## WHAT YOU WILL DO
Starting at the first line of the data, please print exactly those lines through the one that holds "Moor, Burnley. Burnley", omitting every picture.

## COLLECTED MATERIAL
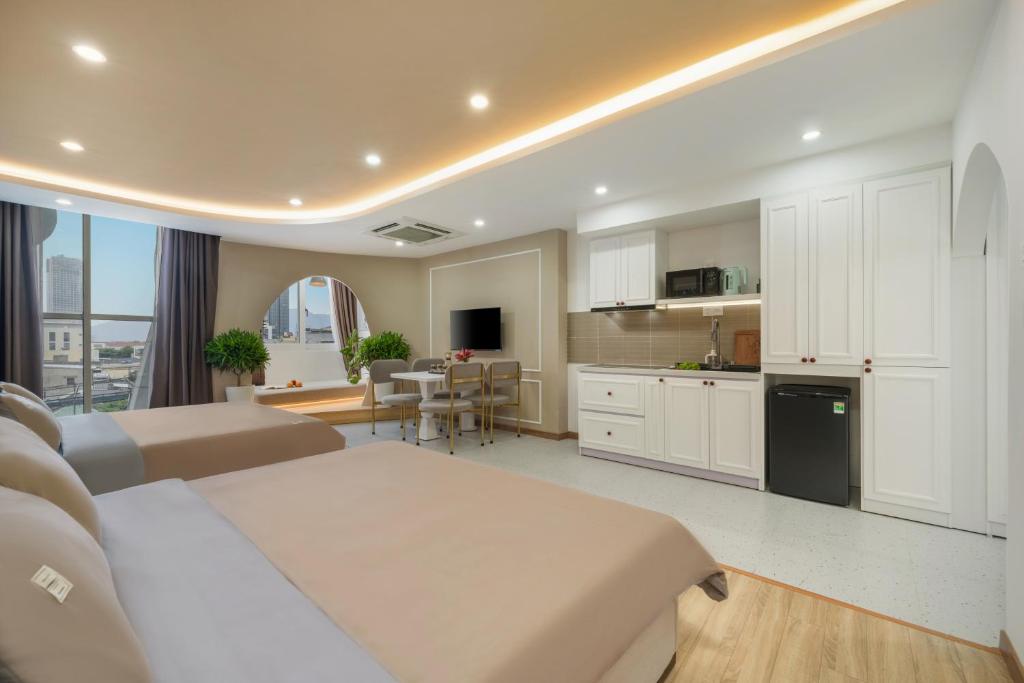 Kuchyň nebo kuchyňský kout v ubytování Q Apartment Da Nang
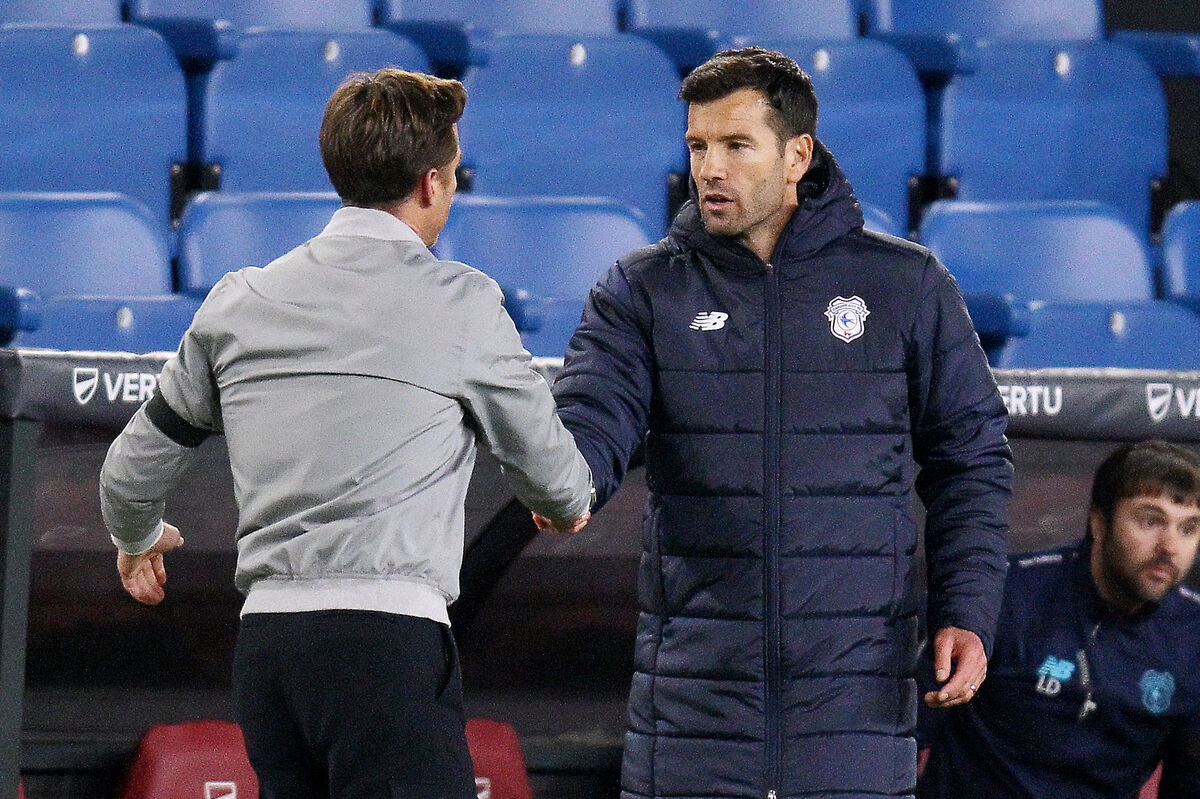 Burnley manager Scott Parker (left) and Cardiff City manager Brian Barry-Murphy embrace after the Carabao Cup third round match at Turf Moor, Burnley. Burnley manager Scott Parker (left) and Cardiff City manager Brian Barry-Murphy embrace after the Carabao Cup third round match at Turf Moor, Burnley.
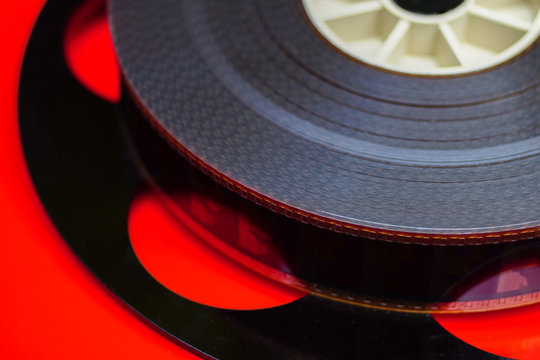 35mm Film On A Black Spinning Wheel And A Red Background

## RESULT
 Kuchyň nebo kuchyňský kout v ubytování Q Apartment Da Nang
 Burnley manager Scott Parker (left) and Cardiff City manager Brian Barry-Murphy embrace after the Carabao Cup third round match at Turf Moor, Burnley. Burnley manager Scott Parker (left) and Cardiff City manager Brian Barry-Murphy embrace after the Carabao Cup third round match at Turf Moor, Burnley.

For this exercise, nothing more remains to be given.